* [DIRECTIONS] For any picture in the lines below, please leave it out and copy the rest exactly.

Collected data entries
━━━━━━━━━━━━━━━━━━━━
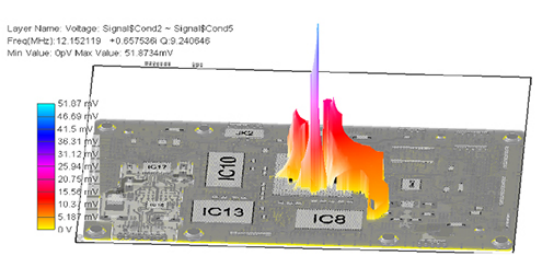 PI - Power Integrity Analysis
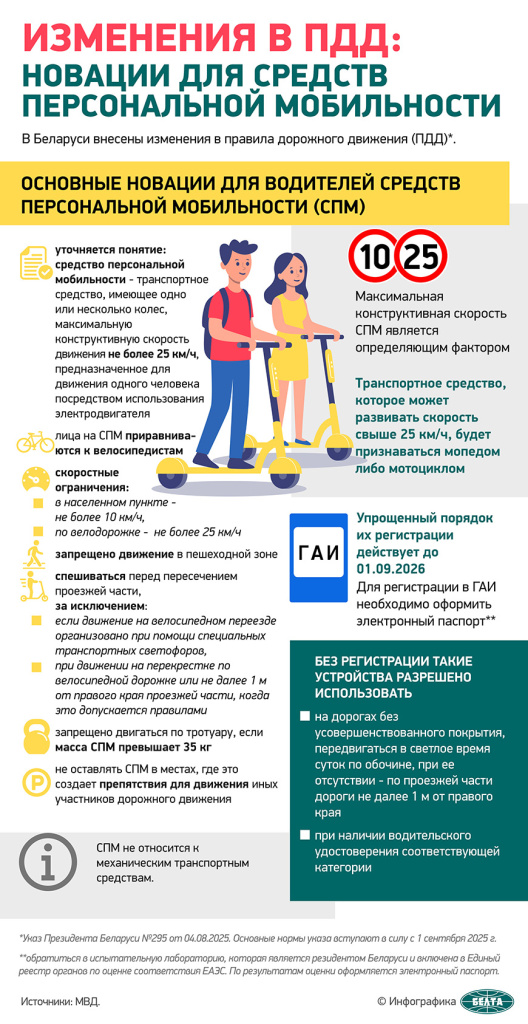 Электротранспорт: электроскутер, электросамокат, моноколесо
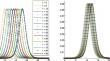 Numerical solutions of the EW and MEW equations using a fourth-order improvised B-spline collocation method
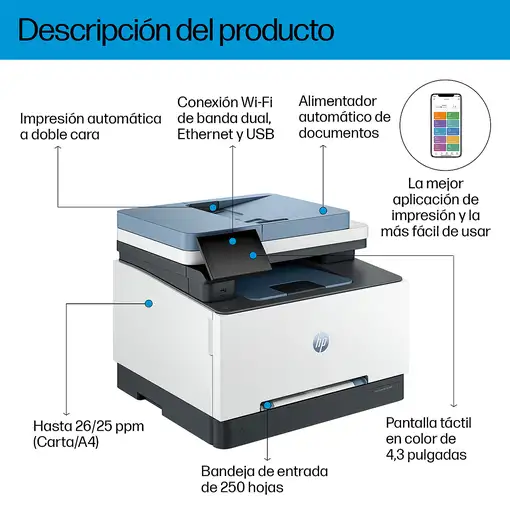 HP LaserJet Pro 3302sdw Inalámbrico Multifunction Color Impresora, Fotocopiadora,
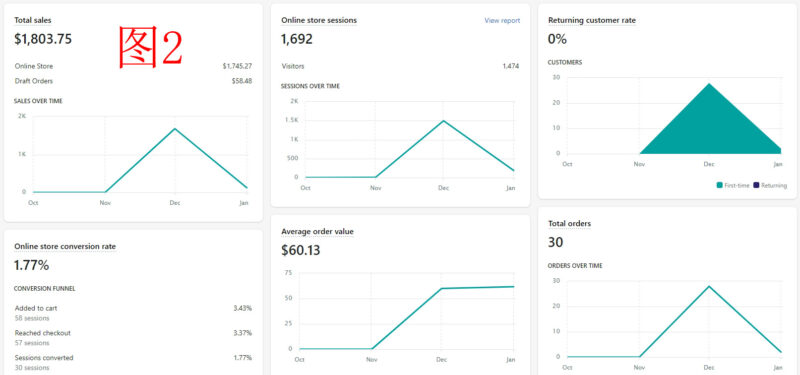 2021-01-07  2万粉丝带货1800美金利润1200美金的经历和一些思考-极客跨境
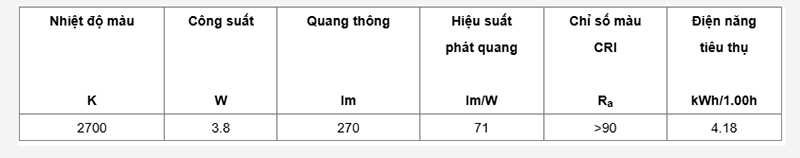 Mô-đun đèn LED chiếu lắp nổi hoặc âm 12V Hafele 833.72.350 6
━━━━━━━━━━━━━━━━━━━━
* [SOLUTION TO THIS EXERCISE]
 PI - Power Integrity Analysis
 Электротранспорт: электроскутер, электросамокат, моноколесо
 Numerical solutions of the EW and MEW equations using a fourth-order improvised B-spline collocation method
 HP LaserJet Pro 3302sdw Inalámbrico Multifunction Color Impresora, Fotocopiadora,
 2021-01-07  2万粉丝带货1800美金利润1200美金的经历和一些思考-极客跨境
 Mô-đun đèn LED chiếu lắp nổi hoặc âm 12V Hafele 833.72.350 6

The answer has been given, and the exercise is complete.